Dipole momentum—a measure of polarity of a covalent bond in the molecule (Debye)
Lennard-Jones characteristic length—the collision diameter (always given in Angstroms)
Lennard-Jones energy—the potential energy of attraction (given in K)
Polarization—polarizability of a molecule (Cubic Angstroms)

These properties are entered as Constant values only. These values are used for calculating the molecular diffusivity of the individual component for the Kinetic Theory method.

To expose this method, select the Material Properties > Molecular Diffusivity node for a multi-component gas or multi-component liquid, then set Method to Kinetic Theory. The Molecular Diffusivity > Kinetic Theory node appears.

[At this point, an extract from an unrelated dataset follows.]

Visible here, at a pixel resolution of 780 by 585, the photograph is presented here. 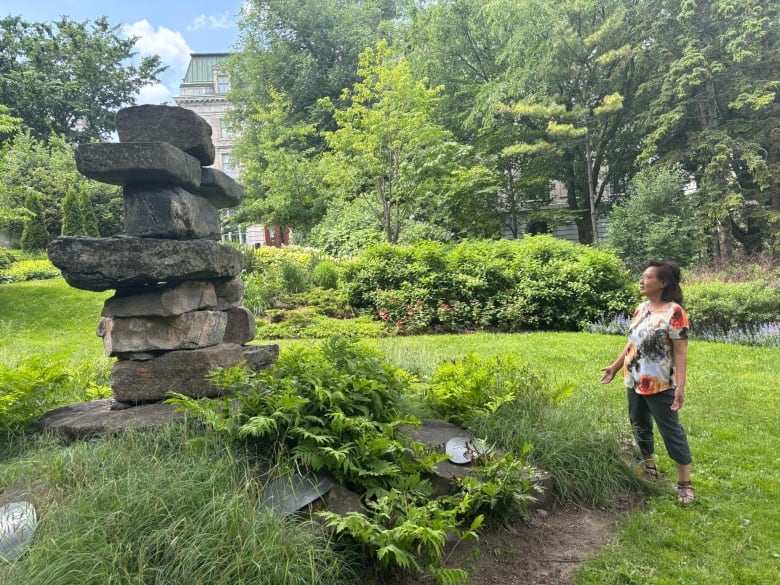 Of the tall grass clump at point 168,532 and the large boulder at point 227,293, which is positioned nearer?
the tall grass clump at point 168,532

The Molecular Diffusivity property on a mixture level is different than other properties – it actually calculates the molecular diffusivities for each individual component.

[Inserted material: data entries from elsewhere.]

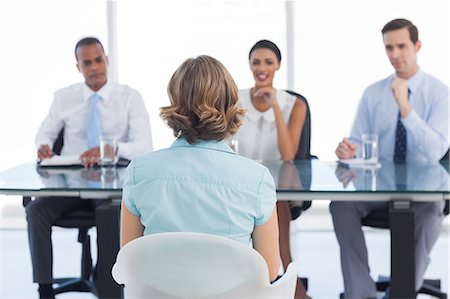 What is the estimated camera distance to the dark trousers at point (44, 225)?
3979 millimetres

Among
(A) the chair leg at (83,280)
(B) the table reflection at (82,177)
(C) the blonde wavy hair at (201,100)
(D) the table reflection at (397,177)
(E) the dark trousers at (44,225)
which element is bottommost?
(A) the chair leg at (83,280)

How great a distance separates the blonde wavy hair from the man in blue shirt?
5.77ft

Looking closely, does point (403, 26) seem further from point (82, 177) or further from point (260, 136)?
point (82, 177)

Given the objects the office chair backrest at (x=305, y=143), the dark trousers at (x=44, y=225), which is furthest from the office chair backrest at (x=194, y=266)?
the office chair backrest at (x=305, y=143)

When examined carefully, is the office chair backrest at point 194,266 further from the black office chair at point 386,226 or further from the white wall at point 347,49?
the white wall at point 347,49

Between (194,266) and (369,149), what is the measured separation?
6.73 feet

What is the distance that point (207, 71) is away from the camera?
2268 mm

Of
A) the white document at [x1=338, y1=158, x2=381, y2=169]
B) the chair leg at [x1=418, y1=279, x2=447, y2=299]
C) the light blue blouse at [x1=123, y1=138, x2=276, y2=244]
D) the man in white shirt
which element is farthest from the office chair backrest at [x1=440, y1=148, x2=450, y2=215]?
the light blue blouse at [x1=123, y1=138, x2=276, y2=244]

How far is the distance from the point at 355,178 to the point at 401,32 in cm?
105

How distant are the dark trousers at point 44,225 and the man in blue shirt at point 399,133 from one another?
123 centimetres

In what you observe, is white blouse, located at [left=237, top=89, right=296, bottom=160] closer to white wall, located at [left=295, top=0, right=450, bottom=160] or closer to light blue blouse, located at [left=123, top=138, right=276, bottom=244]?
white wall, located at [left=295, top=0, right=450, bottom=160]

The molecular diffusivity $D_{m}$ of component $m$ is calculated as:

Figure 1. EQUATION_DISPLAY

D_{m} = \frac{1 - X_{m}}{Σ_{i = 1, i \neq m}^{N} \frac{X_{i}}{D_{i, m}}}

(172)

where the mole fraction,

X_{i}

, is related to the mass fraction,

Y_{i}

, as:

Figure 2. EQUATION_DISPLAY

X_{i} = \frac{Y_{i} M_{w}}{M_{i}}

(173)

$M_{i}$ is the molecular weight of component $i$
$M_{w}$ is the molecular weight of the mixture
$D_{i, m}$ is the binary diffusivity of components $i$ and $m$

From gas kinetic theory, the expression of $D_{i, m}$ is based on Chapman-Enskog [30]:

Figure 3. EQUATION_DISPLAY

D_{i, m} = \frac{2.66 \times 10^{- 7} T^{3 / 2}}{{p M}_{i, m}^{1 / 2} σ_{i, m}^{2} Ω (T *)}

(174)

where:

Figure 4. EQUATION_DISPLAY

M_{i, m} = \frac{2 M_{i} M_{m}}{{M_{i} + M}_{m}}

(175)

and:

$σ_{i, m}$ is the Lennard-Jones characteristic length, the collision diameter for the pair of component $i$ and component $m$ . $σ_{i, m}$ is a function of the Lennard-Jones collision diameter material property, $σ_{i}$ , that is specified for each component $i$ of the mixture. $σ_{i, m}$ is different for polar and non-polar molecules (gases).
$p$ is the (absolute) static pressure
$Ω (T *)$ is a collision integral that is a function of the reduced temperature, $T^{*}$ . $T^{*}$ is defined similarly to the reduced temperature for the viscosity calculation:

Figure 5. EQUATION_DISPLAY

T^{*} = \frac{k T}{ε_{i, m}}

(176)

where:

$k$ is the Boltzmann constant $= 1.3806503 \times 10^{- 23}$ m² kg s^-2 K^-1
$T$ is temperature
$ε_{i, m}$ is the characteristic Lennard-Jones energy for the pair of component $i$ and component $m$ . $ε_{i, m}$ is a function of the Lennard-Jones potential energy material property, $ε_{i}$ , that is specified for each component $i$ of the mixture. $ε_{i, m}$ is different for polar and non-polar molecules (gases).